こんにちは クモです。
久しぶりに図書館に行ってみたら面白そうな本があったので
手に取って見ました。
最近よくある
・日本経済では、ベンチャー企業が育ちにくい
・会社員なんかやめて企業するべき
・行動しないリスクの大きさ とかを
イタズラに煽るような本って結構多い中で
この本は、経営学ってどういうものなのか、に絞って解説されていました。
私がこの本を読んで感じたのは、「経営学」とは起業家の為の学問ではなく
経営者や、会社員のための学問と捉えることもできるのだな,という事です。
起業家として成功するような人は、そのようん素質を持っているので
わざわざ経営学を学ばなくても起業をする。
会社員やサラリーマン社長が組織の力学に翻弄されないように、経営学を学ぶのだ そのように著者は言いたいのではないか、と感じました。
以下、本文の中で気になったところをピックアップして行きます。
「組織のリーダーとは、組織論理に唯一立ち向かうコトができる存在である」
私はかつて、日本でいう大企業のメーカーに勤務していたコトがありました。
そこでは品質保証部に所属し、新機種の品質保証を担当していました。
ものづくりをするうえで、品質問題は頻発します。
品質の安定とは、メーカーの涙ぐましい努力の上に成り立っているのだということを身を以て体験していました。
ただ、やはりそこには組織論理であったり政治の力が働きます。
入社したてのころには
自分自身がコンプライアンスを遵守し、お客様の為に良い商品をつくるんだ
そのための防波堤になるんだ
そういう気持ちで、一つ一つの問題に取り組んでいたものです。
ただ、だんだん慣れて来ると、そうも行かなくなります。
組織論理に従うことも、ある意味合理的だなと思えて来るようになります。
どうしても
目先のサラリーだったり、昇給が大事ですからね。
お金さえもらえれば、何をしてもいいわけではありません。
ただ、だんだんと線引きはグレーになっていきます。
でも、もう少し長期的な視点で見て見れば
目の前の課題に真摯に取り組むコトで
もしかしたら製品のファンが増えるかもしれない。
もしかしたら目の前に技術課題に取り組むコトで、技術革新が生まれ、その強みは自分たちに大きな利益をもたらすかもしれない。
そういった視点を持ち、
長期的な視点で組織を導いていく事がリーダーの役割だと
この本には書かれています。
そう思えば
自分は勝手に品質保証部門を組織の傍流だと思っていましたが
確かに仕事の位置付けからして、本流とは距離があるものなんですね。
貴重な体験をすることができたのだと、今は感謝しています。
また、著者は起業家を増やしていこうというような日本の風潮にあまり賛同していない印象も受けました。

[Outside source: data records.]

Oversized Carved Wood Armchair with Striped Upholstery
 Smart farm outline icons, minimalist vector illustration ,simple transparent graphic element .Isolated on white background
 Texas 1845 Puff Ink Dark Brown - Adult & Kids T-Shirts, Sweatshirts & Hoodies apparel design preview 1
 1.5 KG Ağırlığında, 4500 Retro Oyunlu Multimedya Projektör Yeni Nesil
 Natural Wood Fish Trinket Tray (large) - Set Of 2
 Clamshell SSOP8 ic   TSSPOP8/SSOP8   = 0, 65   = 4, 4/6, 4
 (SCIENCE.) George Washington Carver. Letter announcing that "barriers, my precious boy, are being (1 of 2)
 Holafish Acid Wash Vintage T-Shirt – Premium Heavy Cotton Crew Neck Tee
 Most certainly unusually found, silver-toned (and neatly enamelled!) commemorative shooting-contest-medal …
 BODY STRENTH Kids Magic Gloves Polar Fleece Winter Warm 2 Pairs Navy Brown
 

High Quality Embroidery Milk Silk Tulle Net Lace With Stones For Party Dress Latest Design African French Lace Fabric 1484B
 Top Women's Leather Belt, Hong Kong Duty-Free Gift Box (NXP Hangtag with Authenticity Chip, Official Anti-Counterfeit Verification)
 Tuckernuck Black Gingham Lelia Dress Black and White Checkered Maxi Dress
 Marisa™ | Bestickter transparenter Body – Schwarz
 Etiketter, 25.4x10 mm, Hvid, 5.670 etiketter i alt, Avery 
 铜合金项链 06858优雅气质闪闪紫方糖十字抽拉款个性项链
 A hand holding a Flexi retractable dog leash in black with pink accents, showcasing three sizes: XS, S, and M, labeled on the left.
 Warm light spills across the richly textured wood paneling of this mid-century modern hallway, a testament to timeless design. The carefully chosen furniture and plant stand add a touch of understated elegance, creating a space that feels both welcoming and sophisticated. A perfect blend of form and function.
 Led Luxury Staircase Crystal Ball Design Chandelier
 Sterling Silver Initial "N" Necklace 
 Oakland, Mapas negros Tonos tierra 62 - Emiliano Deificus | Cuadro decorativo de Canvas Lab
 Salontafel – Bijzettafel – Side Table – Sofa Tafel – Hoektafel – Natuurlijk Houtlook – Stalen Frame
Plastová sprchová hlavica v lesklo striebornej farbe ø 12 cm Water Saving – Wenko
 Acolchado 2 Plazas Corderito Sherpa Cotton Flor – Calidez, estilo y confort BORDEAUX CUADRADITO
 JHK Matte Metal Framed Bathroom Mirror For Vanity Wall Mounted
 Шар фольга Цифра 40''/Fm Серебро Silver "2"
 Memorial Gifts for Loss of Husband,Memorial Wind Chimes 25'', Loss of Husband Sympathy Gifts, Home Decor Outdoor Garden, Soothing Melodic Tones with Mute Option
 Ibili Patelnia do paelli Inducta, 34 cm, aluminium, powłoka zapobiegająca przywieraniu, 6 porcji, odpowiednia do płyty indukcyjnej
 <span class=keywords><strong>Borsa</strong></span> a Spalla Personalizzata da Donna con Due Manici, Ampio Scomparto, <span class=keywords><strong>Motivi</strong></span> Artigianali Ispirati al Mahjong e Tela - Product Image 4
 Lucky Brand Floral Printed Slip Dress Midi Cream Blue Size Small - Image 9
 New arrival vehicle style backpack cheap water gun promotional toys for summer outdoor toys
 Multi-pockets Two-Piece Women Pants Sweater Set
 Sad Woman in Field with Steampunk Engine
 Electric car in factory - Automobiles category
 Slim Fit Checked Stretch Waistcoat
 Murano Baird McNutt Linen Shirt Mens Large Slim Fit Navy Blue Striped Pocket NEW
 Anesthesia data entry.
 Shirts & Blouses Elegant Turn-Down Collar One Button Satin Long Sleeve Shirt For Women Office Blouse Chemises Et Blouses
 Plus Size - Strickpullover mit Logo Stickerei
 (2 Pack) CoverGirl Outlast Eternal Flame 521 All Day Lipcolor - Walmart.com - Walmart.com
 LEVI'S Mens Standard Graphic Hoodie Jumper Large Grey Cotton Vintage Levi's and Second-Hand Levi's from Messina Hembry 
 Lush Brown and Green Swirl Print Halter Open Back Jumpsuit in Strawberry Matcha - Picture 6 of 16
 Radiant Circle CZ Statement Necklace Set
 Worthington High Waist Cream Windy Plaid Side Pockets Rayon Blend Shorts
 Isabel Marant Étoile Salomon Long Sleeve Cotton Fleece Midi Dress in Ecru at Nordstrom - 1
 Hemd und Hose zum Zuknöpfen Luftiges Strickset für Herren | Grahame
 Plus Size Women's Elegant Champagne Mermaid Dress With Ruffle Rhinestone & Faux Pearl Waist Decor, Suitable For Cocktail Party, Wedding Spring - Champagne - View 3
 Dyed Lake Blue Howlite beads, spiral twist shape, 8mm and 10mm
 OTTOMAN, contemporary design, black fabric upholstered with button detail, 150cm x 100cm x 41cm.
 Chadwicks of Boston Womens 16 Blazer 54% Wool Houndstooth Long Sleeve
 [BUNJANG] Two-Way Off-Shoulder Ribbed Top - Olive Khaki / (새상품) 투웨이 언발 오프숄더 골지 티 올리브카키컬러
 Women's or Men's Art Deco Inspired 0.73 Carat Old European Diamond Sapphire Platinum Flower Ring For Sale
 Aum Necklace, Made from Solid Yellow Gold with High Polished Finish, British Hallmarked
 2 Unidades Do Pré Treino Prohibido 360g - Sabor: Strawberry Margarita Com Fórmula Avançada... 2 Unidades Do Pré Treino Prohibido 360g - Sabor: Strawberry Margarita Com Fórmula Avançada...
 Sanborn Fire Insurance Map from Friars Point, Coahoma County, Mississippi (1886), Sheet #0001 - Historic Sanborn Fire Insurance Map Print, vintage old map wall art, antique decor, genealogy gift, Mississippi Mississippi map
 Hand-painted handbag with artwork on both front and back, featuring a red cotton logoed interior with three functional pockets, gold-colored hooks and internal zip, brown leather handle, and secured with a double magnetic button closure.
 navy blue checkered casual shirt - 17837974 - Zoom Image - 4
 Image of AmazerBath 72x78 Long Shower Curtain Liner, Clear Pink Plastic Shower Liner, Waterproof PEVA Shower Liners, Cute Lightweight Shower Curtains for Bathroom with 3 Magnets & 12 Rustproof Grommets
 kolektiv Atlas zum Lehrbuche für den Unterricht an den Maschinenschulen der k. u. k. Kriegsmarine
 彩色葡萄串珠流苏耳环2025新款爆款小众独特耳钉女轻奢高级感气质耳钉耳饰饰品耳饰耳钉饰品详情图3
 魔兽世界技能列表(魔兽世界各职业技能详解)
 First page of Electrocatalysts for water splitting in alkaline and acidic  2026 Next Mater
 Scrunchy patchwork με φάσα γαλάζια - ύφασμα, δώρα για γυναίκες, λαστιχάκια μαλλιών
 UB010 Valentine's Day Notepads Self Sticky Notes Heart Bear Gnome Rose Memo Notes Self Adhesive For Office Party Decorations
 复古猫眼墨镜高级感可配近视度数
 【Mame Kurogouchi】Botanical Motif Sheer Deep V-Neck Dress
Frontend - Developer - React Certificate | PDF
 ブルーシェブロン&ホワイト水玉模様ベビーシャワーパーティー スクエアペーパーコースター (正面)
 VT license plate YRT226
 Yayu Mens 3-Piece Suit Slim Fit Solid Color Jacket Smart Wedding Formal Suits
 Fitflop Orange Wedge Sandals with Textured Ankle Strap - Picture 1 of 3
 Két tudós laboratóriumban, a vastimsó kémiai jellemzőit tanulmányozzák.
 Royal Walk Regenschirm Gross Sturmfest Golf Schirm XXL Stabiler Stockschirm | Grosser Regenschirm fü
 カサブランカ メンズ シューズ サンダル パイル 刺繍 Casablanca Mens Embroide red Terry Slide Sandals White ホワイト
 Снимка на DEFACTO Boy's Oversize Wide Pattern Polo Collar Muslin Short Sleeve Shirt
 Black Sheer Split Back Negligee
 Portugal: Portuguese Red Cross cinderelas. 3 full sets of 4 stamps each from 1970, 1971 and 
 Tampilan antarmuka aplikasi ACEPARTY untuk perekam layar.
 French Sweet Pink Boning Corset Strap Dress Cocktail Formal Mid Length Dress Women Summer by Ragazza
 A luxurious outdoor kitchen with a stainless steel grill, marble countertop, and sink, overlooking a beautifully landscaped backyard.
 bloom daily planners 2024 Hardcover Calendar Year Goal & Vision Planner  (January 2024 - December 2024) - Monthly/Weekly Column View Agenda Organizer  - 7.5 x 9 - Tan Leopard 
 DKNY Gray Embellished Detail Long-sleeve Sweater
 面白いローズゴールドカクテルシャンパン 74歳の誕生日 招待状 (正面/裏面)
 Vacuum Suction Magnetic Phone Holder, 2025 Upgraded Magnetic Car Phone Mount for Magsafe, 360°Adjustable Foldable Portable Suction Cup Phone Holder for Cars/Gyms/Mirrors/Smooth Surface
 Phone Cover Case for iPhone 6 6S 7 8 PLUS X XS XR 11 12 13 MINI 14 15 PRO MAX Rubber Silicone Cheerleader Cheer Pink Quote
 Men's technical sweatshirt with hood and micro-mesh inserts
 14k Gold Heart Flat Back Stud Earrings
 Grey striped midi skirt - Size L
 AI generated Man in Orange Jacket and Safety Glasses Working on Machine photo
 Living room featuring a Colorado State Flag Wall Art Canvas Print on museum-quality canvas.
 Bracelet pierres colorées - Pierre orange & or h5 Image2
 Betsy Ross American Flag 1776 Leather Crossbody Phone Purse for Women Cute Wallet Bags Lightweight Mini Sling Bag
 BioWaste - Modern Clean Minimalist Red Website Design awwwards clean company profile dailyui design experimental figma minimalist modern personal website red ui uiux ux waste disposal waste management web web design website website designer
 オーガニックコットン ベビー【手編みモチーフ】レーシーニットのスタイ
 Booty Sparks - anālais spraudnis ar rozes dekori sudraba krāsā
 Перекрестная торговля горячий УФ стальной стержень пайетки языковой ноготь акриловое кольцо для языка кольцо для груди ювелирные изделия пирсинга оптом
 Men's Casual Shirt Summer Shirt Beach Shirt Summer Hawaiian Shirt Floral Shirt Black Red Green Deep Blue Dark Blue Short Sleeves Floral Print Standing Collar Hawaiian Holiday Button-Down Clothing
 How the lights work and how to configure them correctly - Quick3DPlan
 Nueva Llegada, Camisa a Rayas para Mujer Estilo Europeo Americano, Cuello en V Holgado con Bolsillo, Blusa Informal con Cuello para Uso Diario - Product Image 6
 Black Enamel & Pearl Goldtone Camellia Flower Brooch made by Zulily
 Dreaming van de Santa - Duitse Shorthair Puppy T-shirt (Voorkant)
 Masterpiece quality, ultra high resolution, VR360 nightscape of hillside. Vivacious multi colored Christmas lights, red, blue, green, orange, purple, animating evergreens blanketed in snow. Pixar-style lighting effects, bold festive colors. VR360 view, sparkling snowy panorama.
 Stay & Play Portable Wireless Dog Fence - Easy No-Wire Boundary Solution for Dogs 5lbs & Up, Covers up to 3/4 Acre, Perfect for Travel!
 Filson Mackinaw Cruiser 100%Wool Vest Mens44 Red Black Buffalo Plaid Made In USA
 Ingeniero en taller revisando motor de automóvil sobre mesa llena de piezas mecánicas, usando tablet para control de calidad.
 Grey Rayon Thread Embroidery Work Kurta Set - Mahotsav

もう個人の時代ではなく、組織の時代に突入していることがその理由だと述べています。
その例として「電球を発明した人の名前を私たちは知っているが、スマホを発明した人の名前を私たちは知らない」と挙げています。
フォードによって規模の経済の偉大さが発見されて以来、組織の強さを私たちは目の当たりにしてきました。
何かと批判されることの多い日本の大企業ですが、歴史を持ち、発展を続け、競争力を維持し続けている日本の企業のすごさを改めて実感しました。